「手洗い」で店を回せるのか

この改善を提案した相手は、MUGENの内山正宏社長。小西さんは、説得材料を集めるためにモニター調査を実施した。調査は外部の調査会社に依頼。モニターがMUGEN直営店を訪れ、ザ・プレミアム・モルツ樽生を注文して飲用時品質を評価した。

取材場所になった「なかめのてっぺん」を展開するMUGENの内山正宏社長

評価ポイントは、「クリーミーな泡」「泡とビールの割合」「泡ライン」「おいしさ」などがあり、それぞれを点数化して各店の飲用時品質を見える化した。データに加え、評価内容を裏付ける資料として、提供直後のビールの様子を撮影した画像も用意した。さらに、小西さん自身も全店舗を回って調査結果の裏取りをした。

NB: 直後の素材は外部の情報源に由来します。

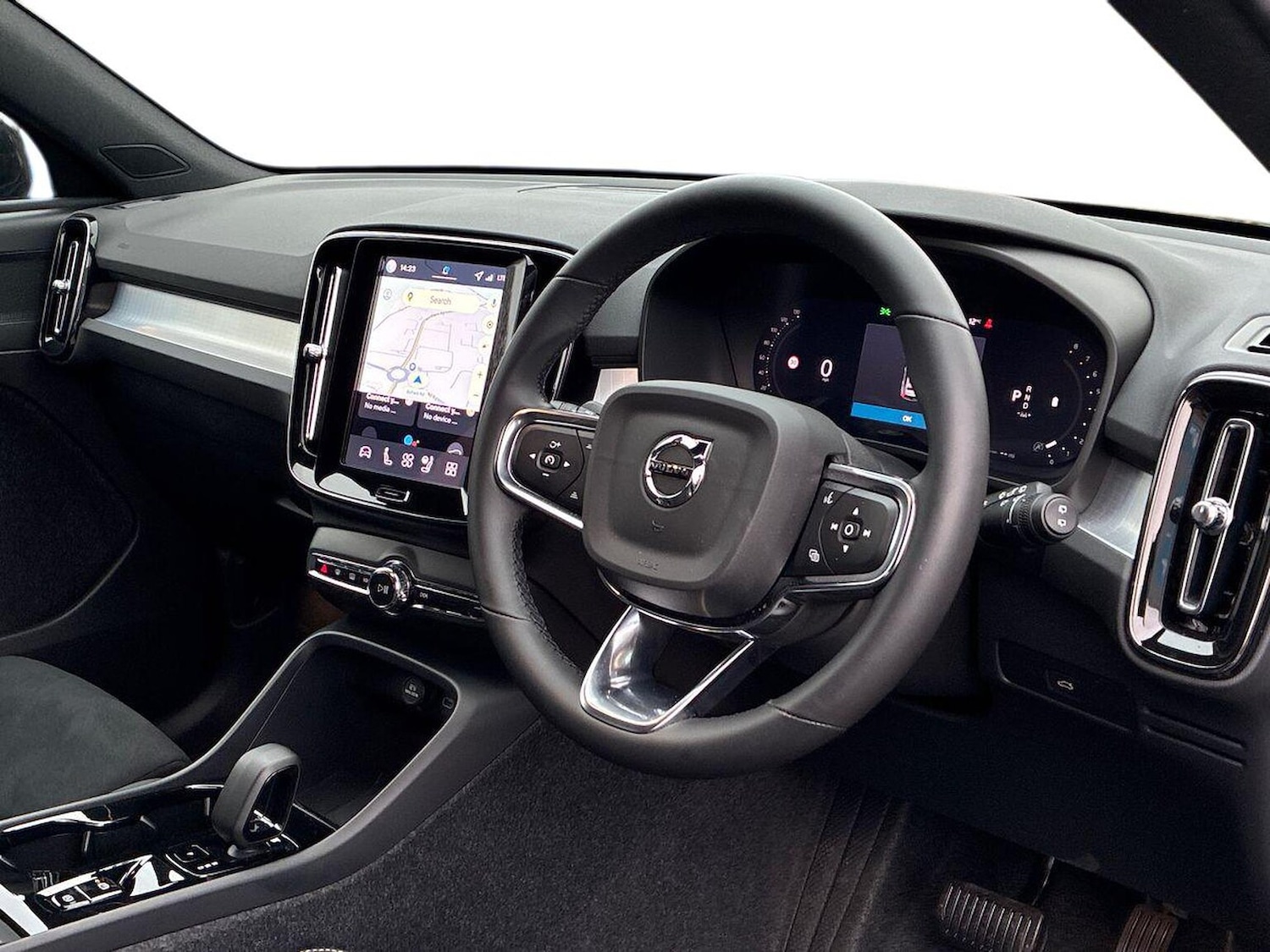 Used Volvo XC40 2025 for sale - 76963459: Photo 14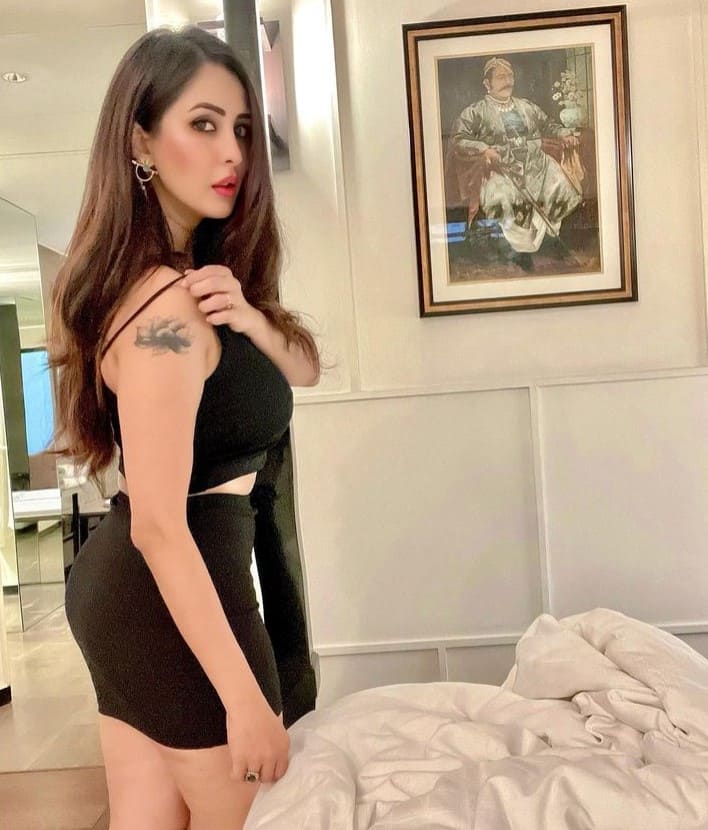 હાલમાં અભિનેત્રી ચાહતની બ્લેક લૂકની તસવીરો વાયરલ થઈ રહી છે.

準備を整えた小西さんは、内山社長に生ビールの提供方法についての店舗診断を実施したことを伝えた。すると3カ月に一度開かれる店長会議にゲストとして出席し、冒頭30分ほどを使ってプレゼンテーションができることに。

店長会議当日、小西さんは12の直営店の店長が見つめる中、調査の結果を示し、飲用時品質を高めるには、食洗機ではなくグラスを手洗いすることの重要性を説いた。

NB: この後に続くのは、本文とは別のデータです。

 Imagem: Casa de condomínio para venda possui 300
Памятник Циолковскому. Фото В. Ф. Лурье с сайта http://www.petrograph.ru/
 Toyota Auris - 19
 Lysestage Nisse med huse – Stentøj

このとき小西さんは、まずは内山社長に飲用時品質についてさらなる向上が目指せること、そのために必要なことを理解してもらうという2つの目標を設定。だが、内山社長にも店長たちにも、好意的な反応は見られなかった。

「どの店舗も手洗いにするのがいいとはわかったものの、実際にそれで店を回せるのかという疑問がありました」

と内山社長は振り返る。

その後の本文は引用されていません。